De man had tot enkele maanden voor de doorgemaakte UWI een actief leven geleid. Hij sportte veel en was een fanatiek schaker op hoog niveau. Tot zijn grote verdriet moest hij dit opgeven omdat hij dit door zijn cognitieve achteruitgang niet meer kon volhouden. Tot de doorgemaakte UWI woonde de man zelfstandig en verzorgde hij zichzelf. Door de UWI ontstond er een forse knik in het functioneren van de man. Hij werd zorgafhankelijk en was elke interesse verloren in zaken die voorheen zijn kwaliteit van leven hadden bepaald, zoals bijvoorbeeld de krant lezen, schaken, puzzelen, sporten of tv (documentaires) kijken.
Zijn verblijf op de psychogeriatrische afdeling vond de man verschrikkelijk omdat hij geen (zinvolle) gesprekken met de medebewoners kon voeren en hij tevens werd geconfronteerd met zijn voorland. De man leed onder het verlies van autonomie, de zinloosheid en uitzichtloosheid van zijn situatie en het reële vooruitzicht van verdere cognitieve achteruitgang. De man ervoer zijn lijden als ondraaglijk.
De man had eerder met de specialist ouderengeneeskunde van het verpleeghuis over euthanasie gesproken. Zij verrichtte om haar moverende redenen geen euthanasie.
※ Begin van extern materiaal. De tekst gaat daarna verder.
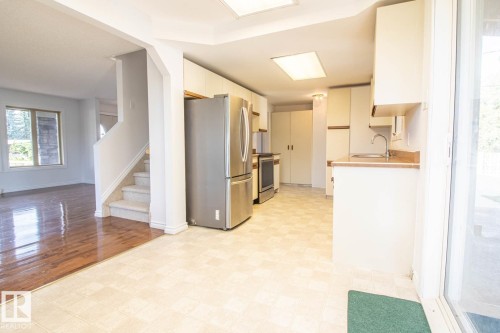 6804 102A Avenue Nw, Edmonton, AB 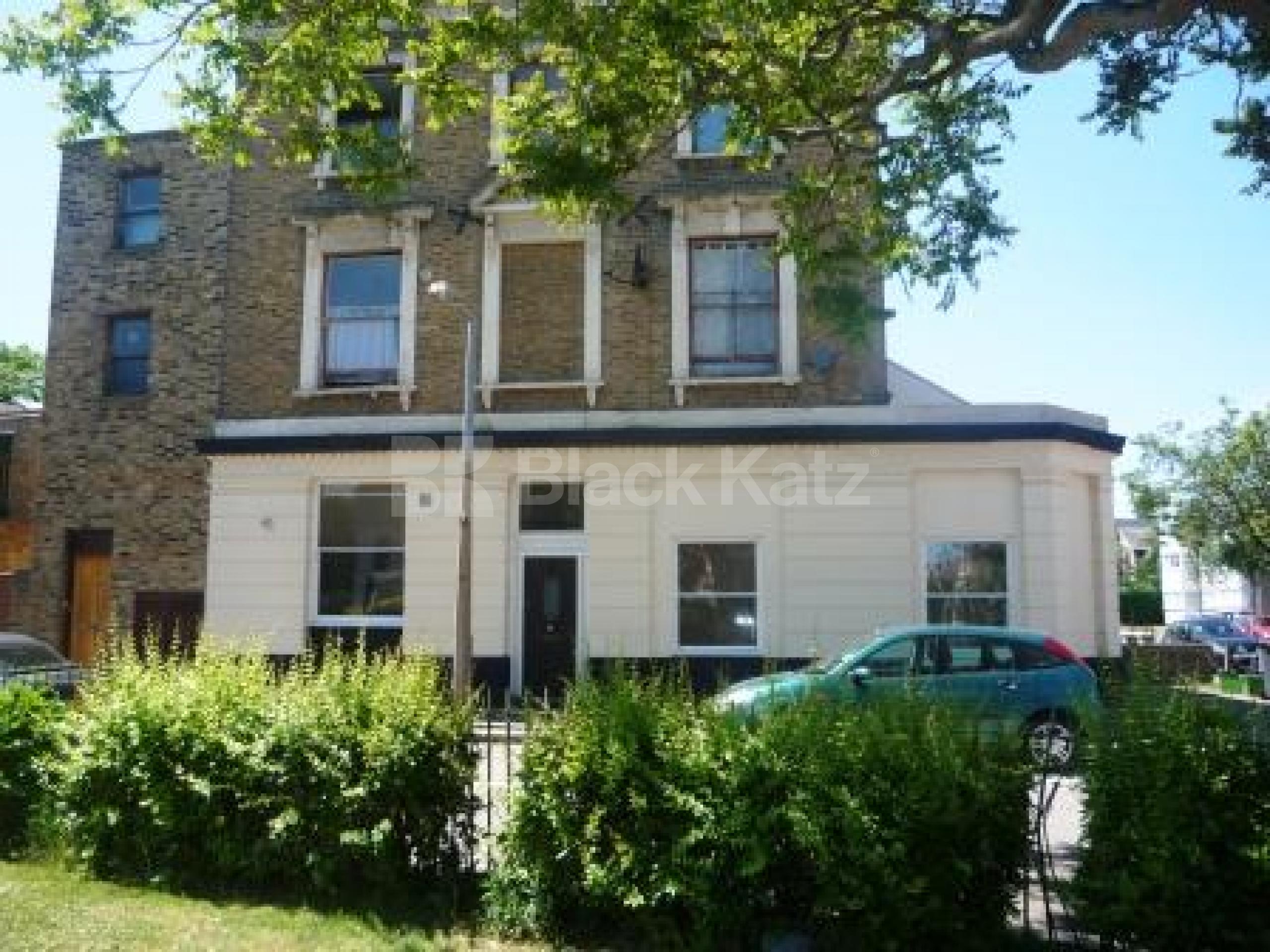			LET!, 3 Bedroom, 1 bath, 1 reception Flat			 Truro Road, BOUNDS GREEN N22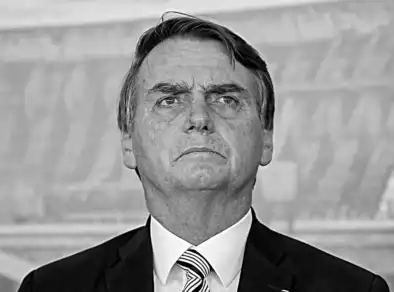 Ex-presidente Bolsonaro cumpre pena de 27 anos e 3 meses na superintendência da PF
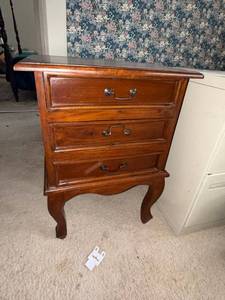 Vintage 3 Drawer Wood Nightstand Accent Chest Queen Anne Style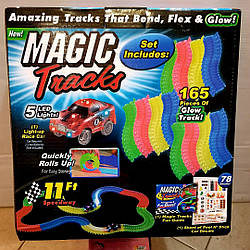 Дитяча іграшкова залізниця - конструктор Magic Tracks 165 деталей, гнучка Світна гоночна траса 2.5 м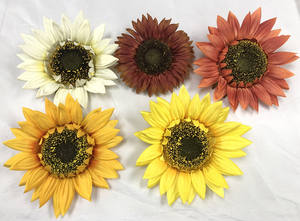 Semi-albero di Girasoli Artificiali a 6 Teste di Alta Qualità con Luci LED Impermeabili per Decorazioni di Halloween, Laurea, Pasqua e Natale - Product Image 3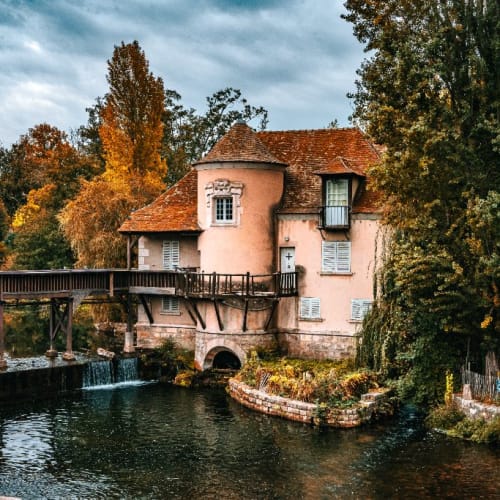 Passerelle de bois et cascade vive de l'ancien moulin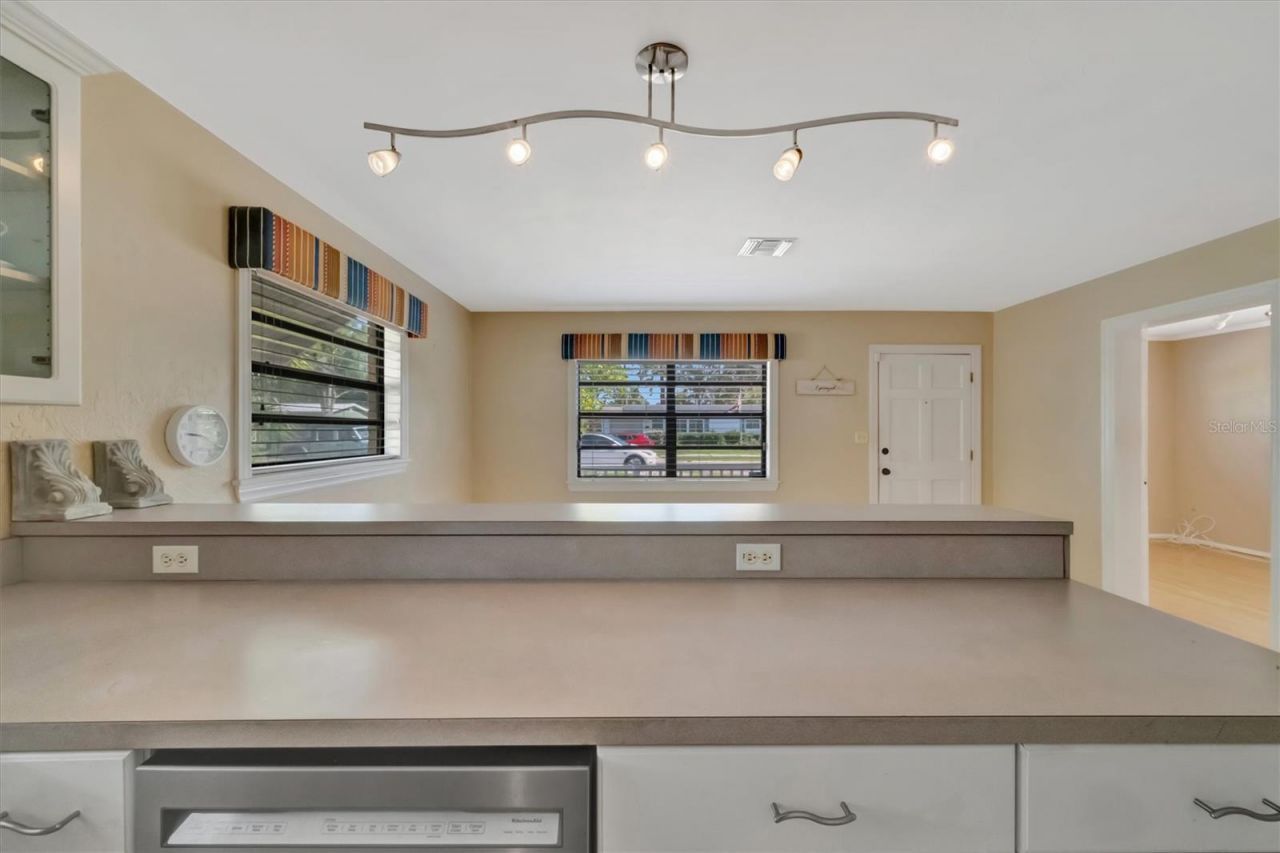 5630 13th Avenue N, Saint Petersburg, FL 33710 Photo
Hierop wendde de man zich tot Expertisecentrum Euthanasie (hierna: EE). De arts heeft twee keer met de man gesproken. Direct tijdens het eerste bezoek, een maand voor het overlijden, verzocht de man direct om uitvoering van de levensbeëindiging.
Volgens de arts was er sprake van een vrijwillig en weloverwogen verzoek. Hij stelde vast dat de man zich ten volle bewust was van de strekking en consequenties van zijn verzoek. Ook begreep de man hoe de euthanasie uitgevoerd zou worden. De arts achtte de man volledig wilsbekwaam ten aanzien van zijn verzoek. Hij voelde zich hierin gesteund door de behandelend specialist ouderengeneeskunde van het verpleeghuis, die de man eveneens wilsbekwaam terzake achtte.
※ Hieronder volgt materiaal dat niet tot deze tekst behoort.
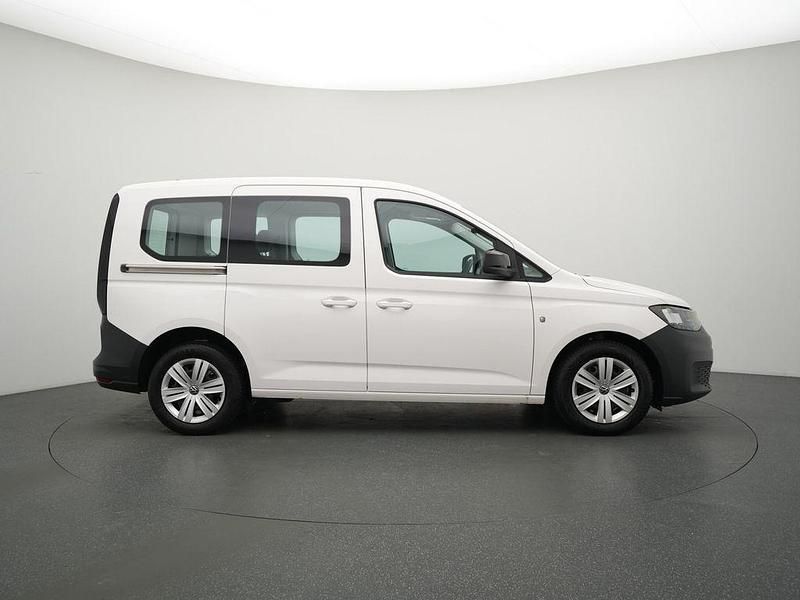 Gebraucht VW Caddy Basis 114 PS (83 kW) 2022 Schwarz Van / Kleinbus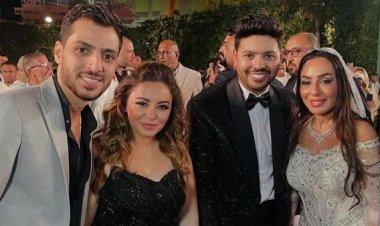 رغم طلاقهما.. إلهام عبد البديع رفقة الملحن وليد سامي في حفل زفاف محمد شاهين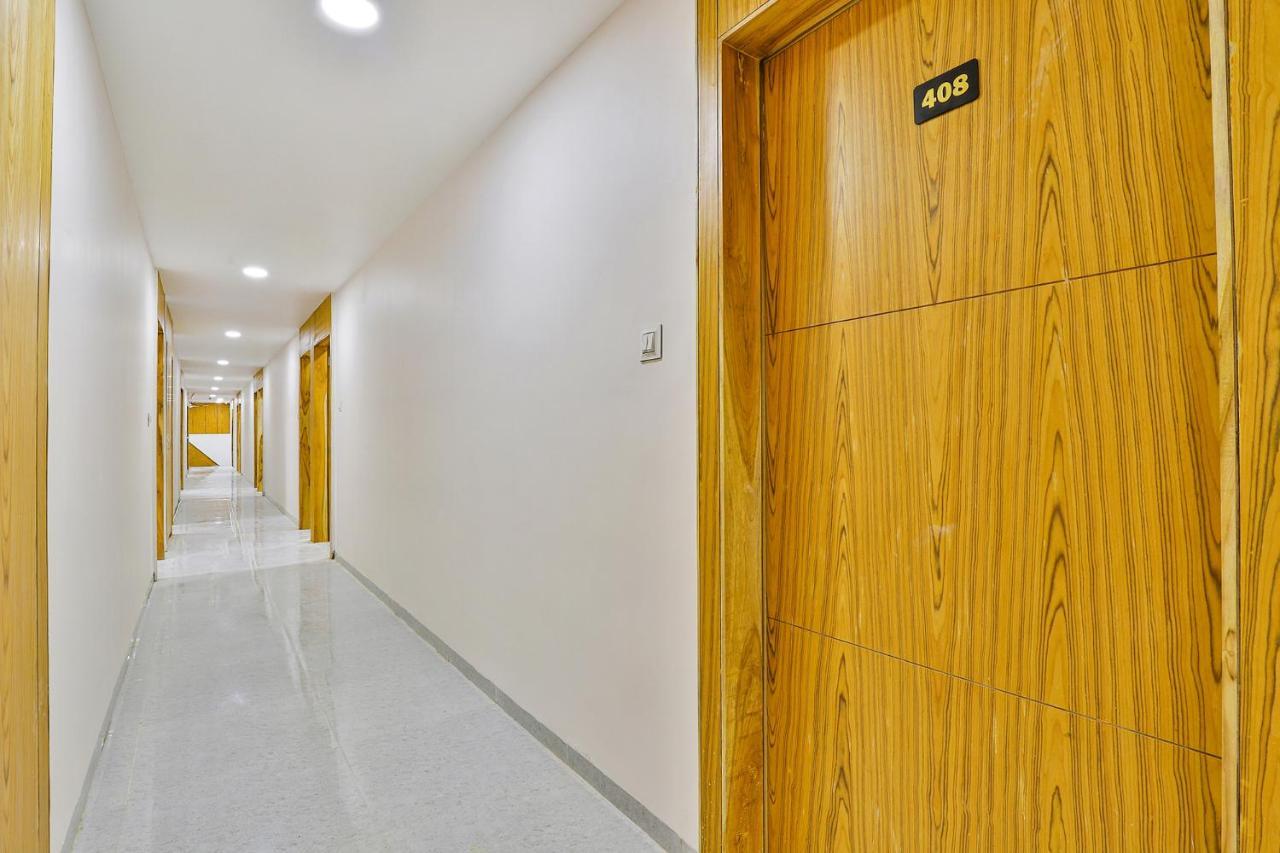 Fabhotel Parkland A Ahmedabad Bagian luar foto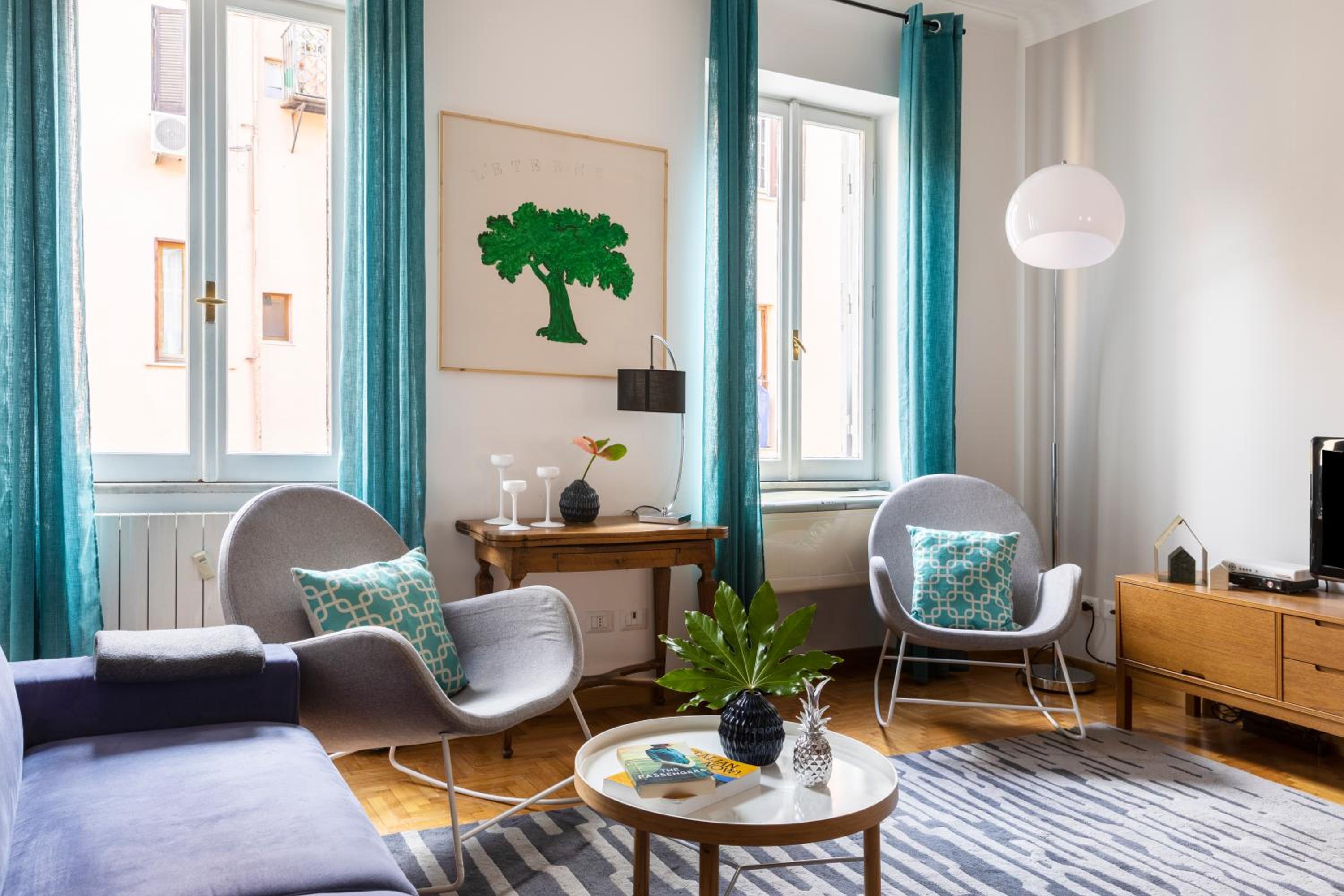 ROMAC Condotti with 3 bedrooms near the Spanish Steps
De arts werd hierin tevens bevestigd door de door hem geraadpleegde onafhankelijke SCEN-arts, die de man een week voor het overlijden bezocht. De consulent constateerde volgens de criteria van Appelbaum en Grisso, dat de man zijn verzoek goed kon verwoorden, ziektebesef en –inzicht had en de strekking en consequenties van zijn verzoek begreep.
De arts was ervan overtuigd dat het lijden voor de man ondraaglijk en naar heersend medisch inzicht uitzichtloos was. Er waren geen voor de man aanvaardbare mogelijkheden meer om het lijden te verlichten. Verder kon uit de stukken worden afgeleid dat de arts de man voldoende had voorgelicht over de situatie waarin hij zich bevond en zijn vooruitzichten. De arts raadpleegde een onafhankelijke SCEN-arts als consulent die tot de conclusie kwam dat aan de zorgvuldigheidseisen werd voldaan.
De arts voerde de hulp bij zelfdoding vervolgens uit met de middelen, in de hoeveelheid en op de wijze als aanbevolen in de KNMG/KNMP Richtlijn Uitvoering euthanasie en hulp bij zelfdoding van augustus 2012.
In het geval er bij een patiënt sprake is van dementie wordt van de arts gevraagd met extra behoedzaamheid na te gaan of aan de wettelijke zorgvuldigheidseisen is voldaan, in het bijzonder de eis inzake de vrijwilligheid en weloverwogenheid van het verzoek en het ondraaglijk lijden van de patiënt. Daarbij heeft de arts een zekere beoordelingsruimte. In de beginfase van dementie zal in het algemeen met de reguliere consultatieprocedure kunnen worden volstaan. Bij twijfel over de wilsbekwaamheid van de patiënt ligt het voor de hand dat de arts specifiek daarover advies van een deskundige collega vraagt (EuthanasieCode 2018, pagina 46).
De commissie kwam tot het oordeel dat de arts gehandeld heeft overeenkomstig de zorgvuldigheidseisen.